SG&A expenses were $208 million in the third quarter of 2013 compared to $206 million in the third quarter of 2012. The increase from last year resulted primarily from higher bad debt charges, mainly in Brazil, and the favorable impact of the devaluation of the Brazilian real and Argentine peso on the translation of local currency costs into U.S. dollars.

Foreign exchange gains were $38 million in the third quarter of 2013 compared to gains of $32 million in the same period of 2012. These foreign exchange gains relate primarily to the weakness in the Brazilian real during the quarter.

Other income (expenses)-net was income of $10 million in the third quarter of 2013 compared to a loss of $1 million in the same period of 2012. The income in the third quarter of 2013 relates primarily to a gain of $8 million on the sale of our investment in a biofuels company in North America.

Noncontrolling interests represents (income) loss attributed to the noncontrolling interest holders in joint venture operations that are consolidated in our financial statements.

Segment EBIT decreased by $80 million to $326 million in the third quarter of 2013 from $406 million in the third quarter of 2012 as a result primarily of the 19% lower gross profit.

Sugar and Bioenergy Segment - Sugar and Bioenergy segment net sales decreased $389 million (26%) compared to the third quarter of 2012. The decline in sales was driven by a significant decline in prices, particularly sugar. Sugar production volumes in our industrial operations also contributed to the lower net sales with lower ATR (sugar content in the processed cane) during the period although crushing volumes increased. Merchandising volumes were 6% higher than last year's third quarter.

Cost of goods sold decreased 23% in the third quarter of 2013 compared to the same period of 2012 driven by the impact of the decline in average sugar prices on our trading and merchandising business. Cost of goods sold in 2013 includes approximately $15 million of charges relating to land that we did not harvest or plant this year due to the wet weather conditions.

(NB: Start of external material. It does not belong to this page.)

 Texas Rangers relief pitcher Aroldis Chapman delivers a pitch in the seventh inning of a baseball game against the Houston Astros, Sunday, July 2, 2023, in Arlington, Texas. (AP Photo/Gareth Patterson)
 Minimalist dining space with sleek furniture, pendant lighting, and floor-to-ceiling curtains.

Gross profit decreased by $52 million to $(2) million in the third quarter of 2013 from $50 million in the comparable period of 2012 primarily as a result of lower sugar prices and charges during the quarter related to land that we did not harvest or plant this year due to wet weather. Gross profit benefited from solid risk management performance in our merchandising business.

SG&A expenses were $40 million in the third quarter of 2013 compared to $69 million in the third quarter of 2012. SG&A for the third quarter of 2012 included a $29 million charge for impairment of a loan receivable from a North American corn ethanol joint venture.

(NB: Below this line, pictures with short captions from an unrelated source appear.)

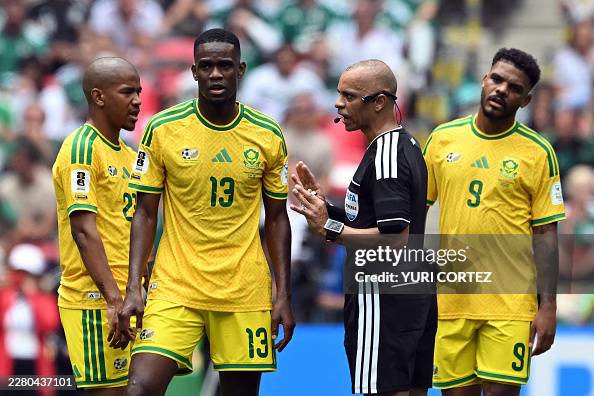 Brazilian referee Wilton Sampaio talks with South Africa's midfielder #13 Sphephelo Sithole during the 2026 World Cup Group A football match between Mexico and South Africa at the Mexico City Stadium in Mexico City on June 11, 2026. (Photo by Yuri CORTEZ / AFP via Getty Images)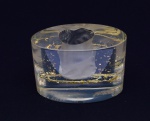 Peça oval em acrílico, assinada MAY. Vasada na parte superior, interior do acrílico realçado  com fagulhas douradas. Medidas: 13 cm x 7 cm. Altura: 9 cm.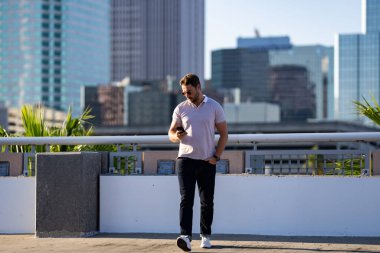 Şehir merkezinde sıradan, yakışıklı bir manken. İyi giyimli, gözlüklü ve polo pozu veren bir adam. Erkek model. Şehirde şık bir adamın portresi. Açık hava moda portresi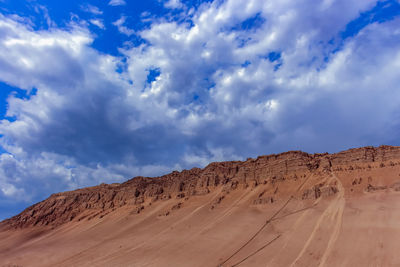 View of desert against cloudy sky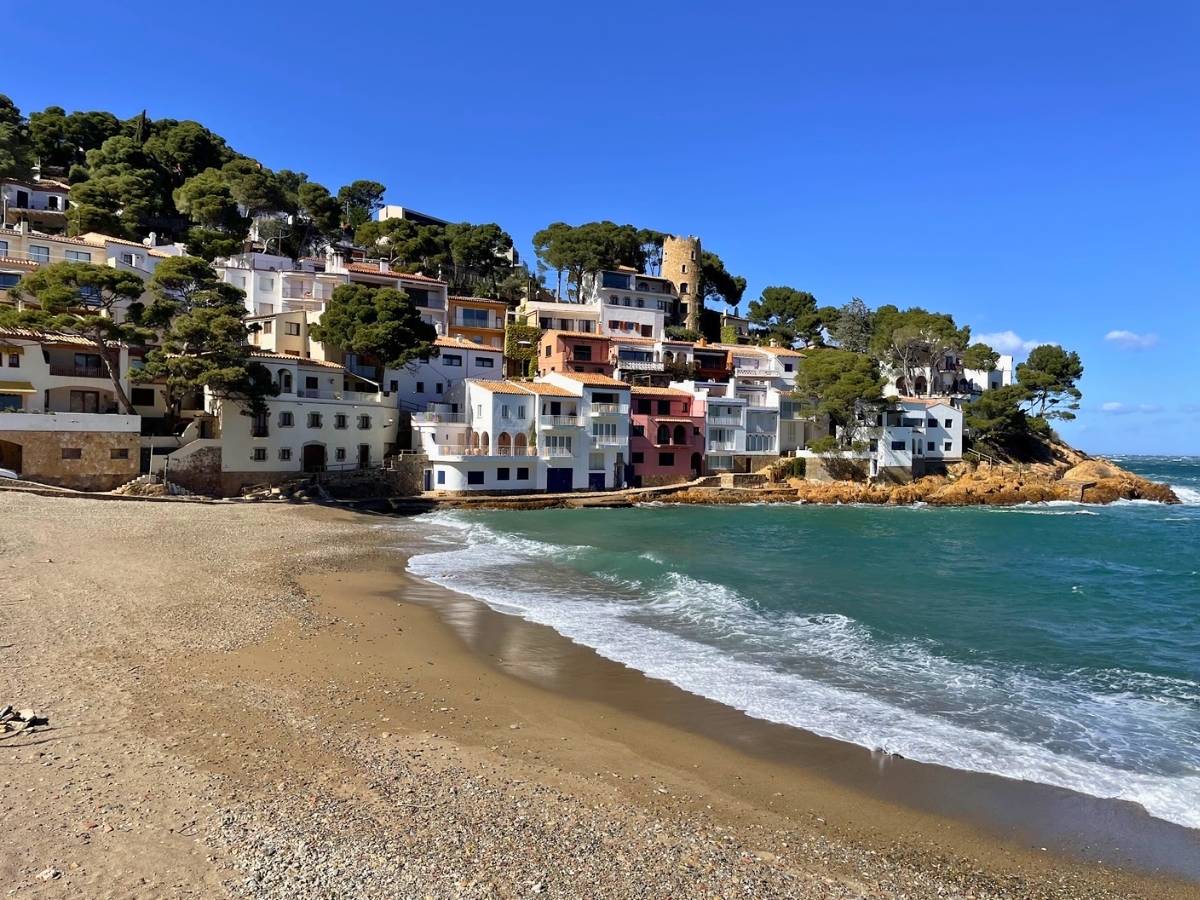 Seaside houses and beach at Sa Tuna in Begur with waves along the shore
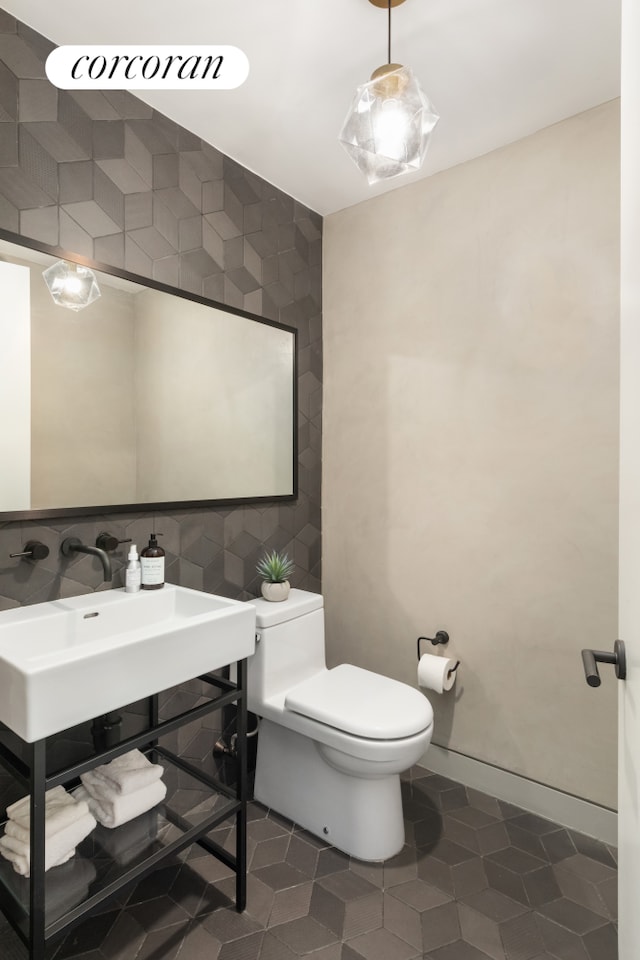 100 Barrow St Unit 5Cloft, New York City, NY 10014 - bathroom featuring toilet, tile patterned flooring, tile walls, and a sink
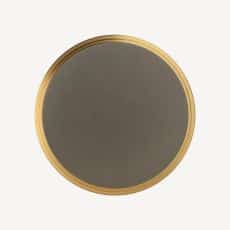 Round plate with a dark gray center and a gold rim on a light background viewed from above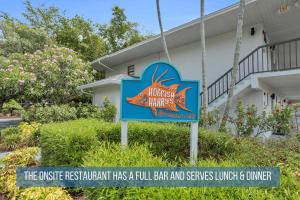 a sign for a hotel in front of a building at Luxury With Private Lanai Views and Close to the Pool in Naples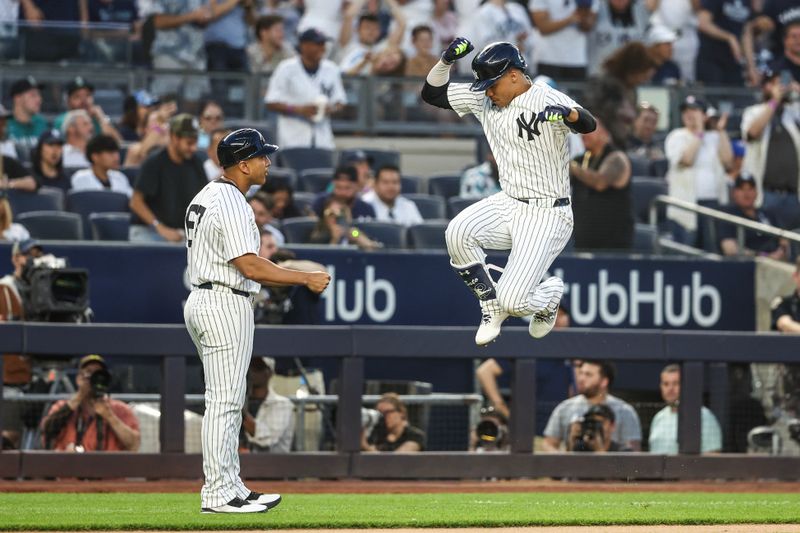 May 22, 2024; Bronx, New York, USA;  New York Yankees right fielder Juan Soto (22) celebrates with third base coach Luis Rojas (67) after hitting a two-run home run in the third inning against the Seattle Mariners at Yankee Stadium. Mandatory Credit: Wendell Cruz-USA TODAY Sports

Foreign exchange gains (losses) in the third quarters of 2013 and 2012 was a gain of $2 million and loss of $15 million, respectively, and related primarily to the Brazilian real.

Other income (expenses)-net was a gain of $1 million in the third quarter of 2013 compared to a loss of $(13) million in the same quarter of 2012. Other income (expense), net for the third quarter of 2012 included a $10 million charge for impairment of an equity investment in a North American corn ethanol joint venture.

Noncontrolling interests were $2 million in the third quarter of 2013 compared with nil in the third quarter of 2012 and represents the noncontrolling interests' share of period loss from our non-wholly owned Brazilian sugarcane mills.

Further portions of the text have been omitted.